**** Task material ****

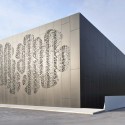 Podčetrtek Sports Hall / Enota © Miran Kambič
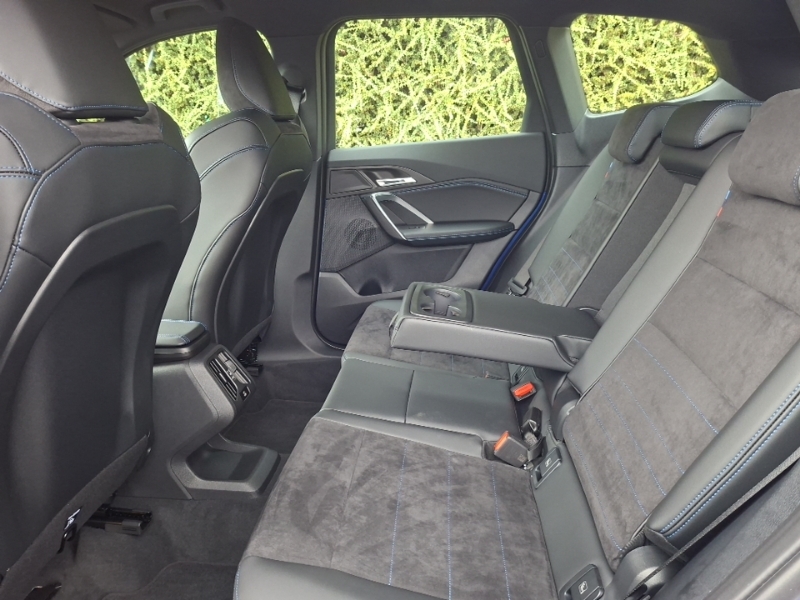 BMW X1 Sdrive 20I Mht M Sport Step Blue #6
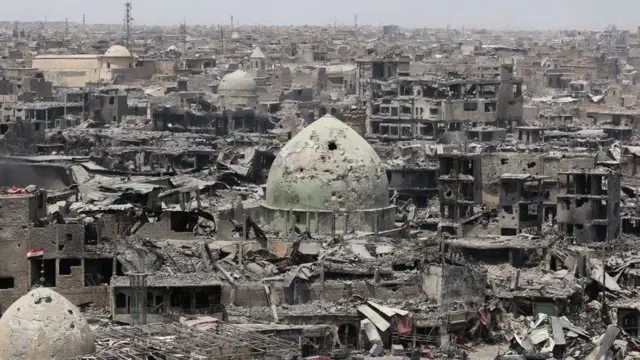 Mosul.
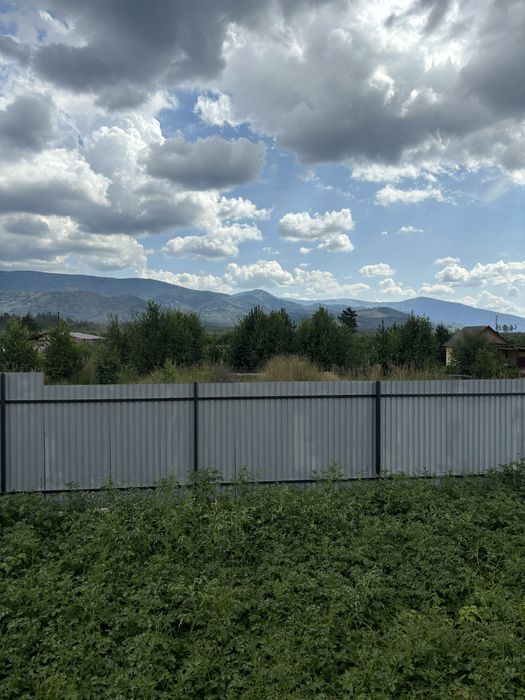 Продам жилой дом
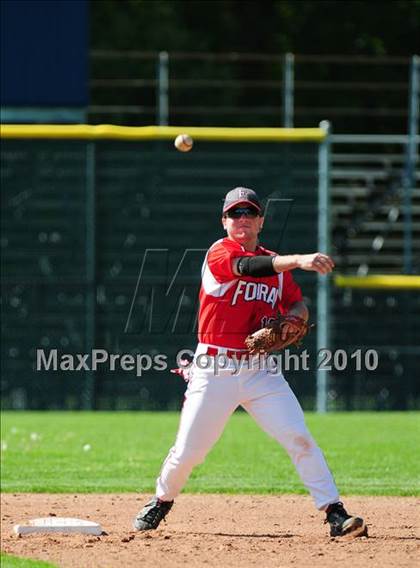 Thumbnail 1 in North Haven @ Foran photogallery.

****
**** Task material ****

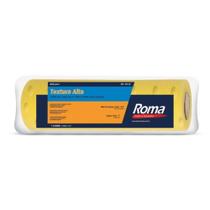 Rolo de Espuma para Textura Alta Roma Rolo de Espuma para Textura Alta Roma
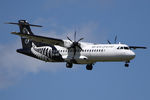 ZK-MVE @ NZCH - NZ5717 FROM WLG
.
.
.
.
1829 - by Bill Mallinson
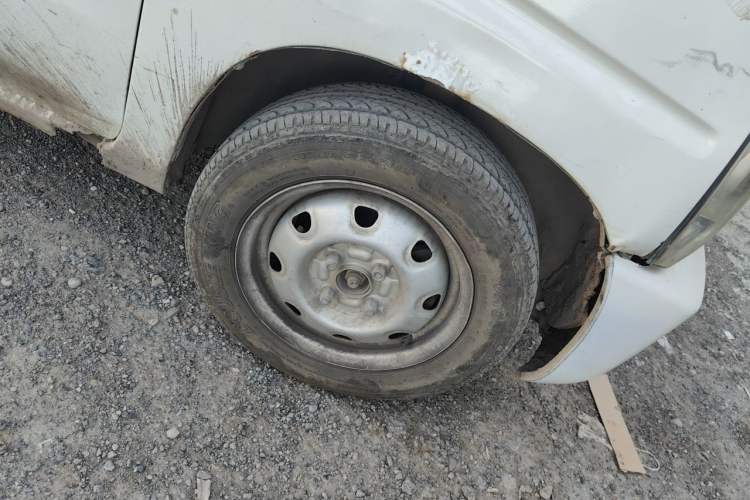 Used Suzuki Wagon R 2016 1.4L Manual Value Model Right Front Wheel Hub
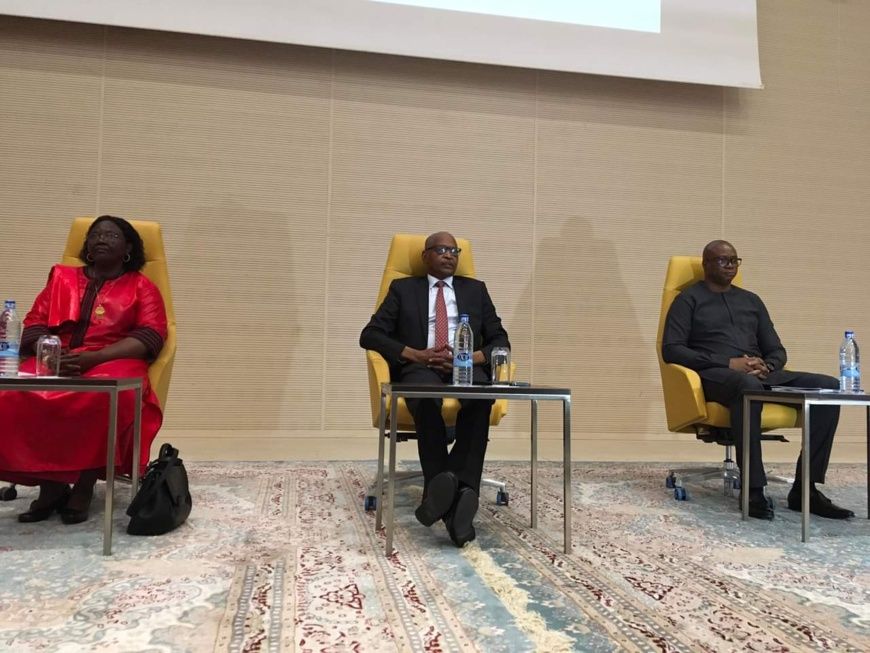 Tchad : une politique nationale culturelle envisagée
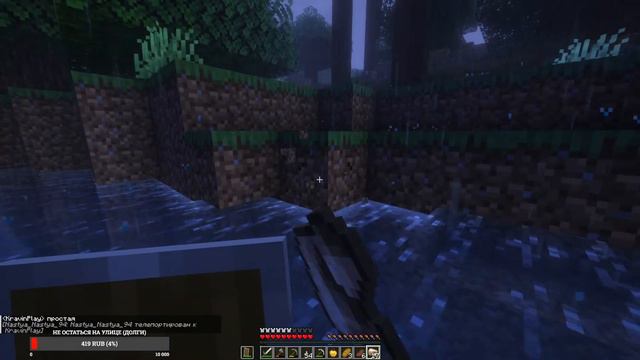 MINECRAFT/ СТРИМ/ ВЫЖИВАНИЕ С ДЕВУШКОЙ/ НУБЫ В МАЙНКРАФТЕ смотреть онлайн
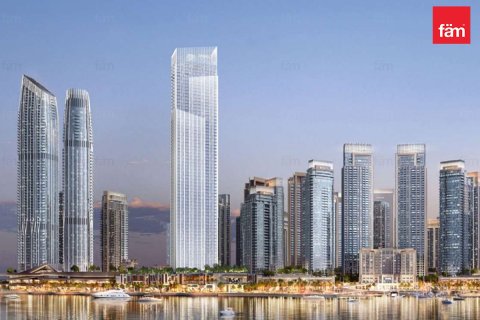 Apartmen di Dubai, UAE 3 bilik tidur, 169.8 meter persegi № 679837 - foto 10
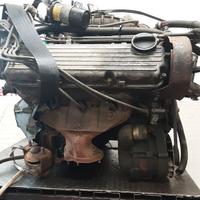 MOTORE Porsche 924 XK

****
**** Task material ****

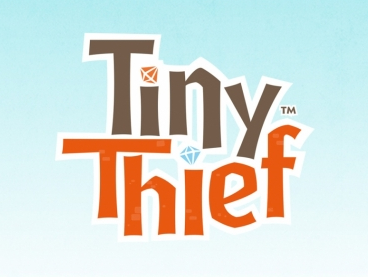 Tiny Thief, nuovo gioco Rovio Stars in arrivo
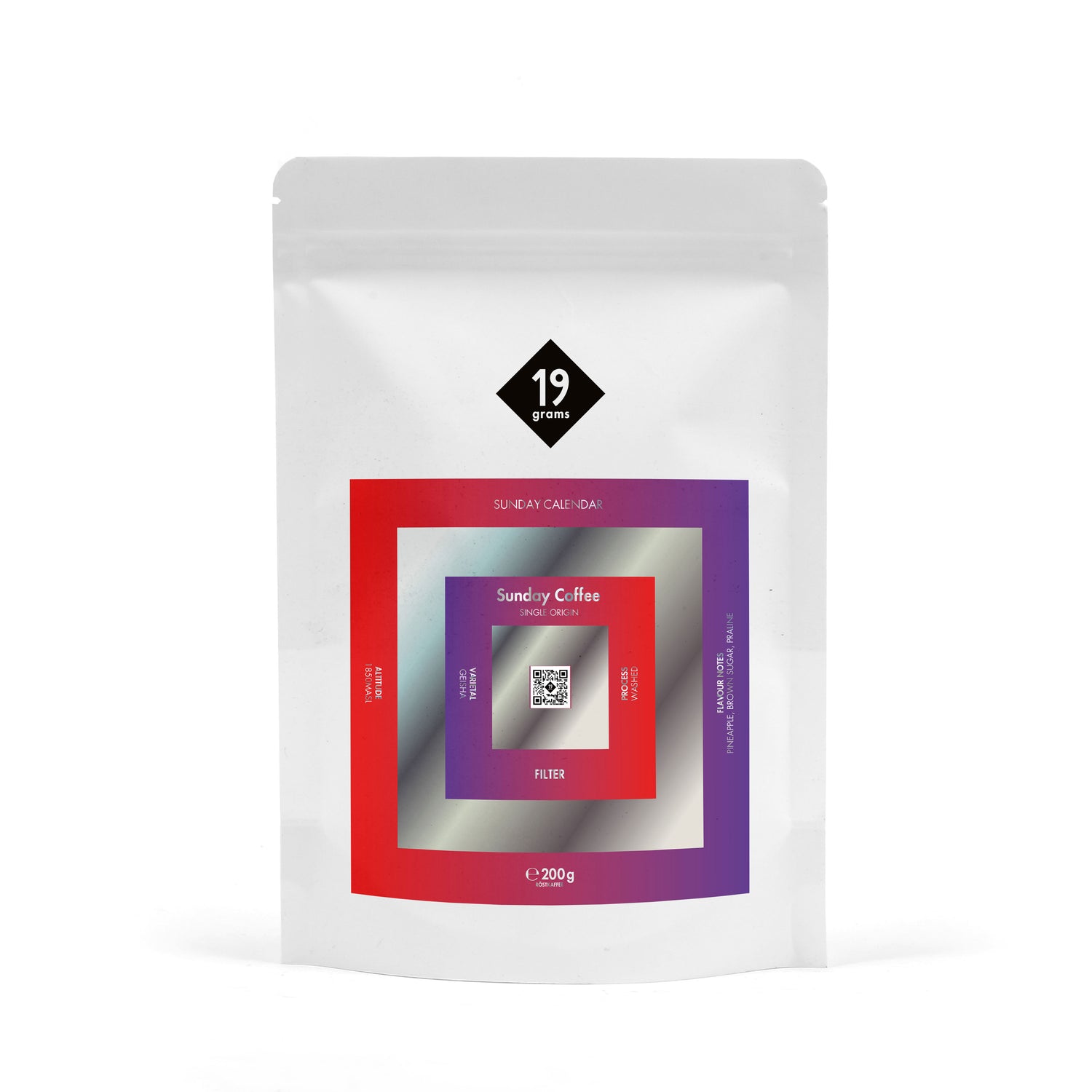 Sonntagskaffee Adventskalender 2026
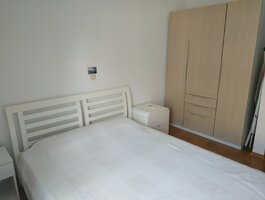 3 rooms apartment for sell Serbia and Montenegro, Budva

****

> Exercise directions
In the listing above, find the line with "Podčetrtek Sports Hall" and output every line through the one with "Thumbnail 1 in", exactly, without the pictures.

> Expected output
 Podčetrtek Sports Hall / Enota © Miran Kambič
 BMW X1 Sdrive 20I Mht M Sport Step Blue #6
 Mosul.
 Продам жилой дом
 Thumbnail 1 in North Haven @ Foran photogallery.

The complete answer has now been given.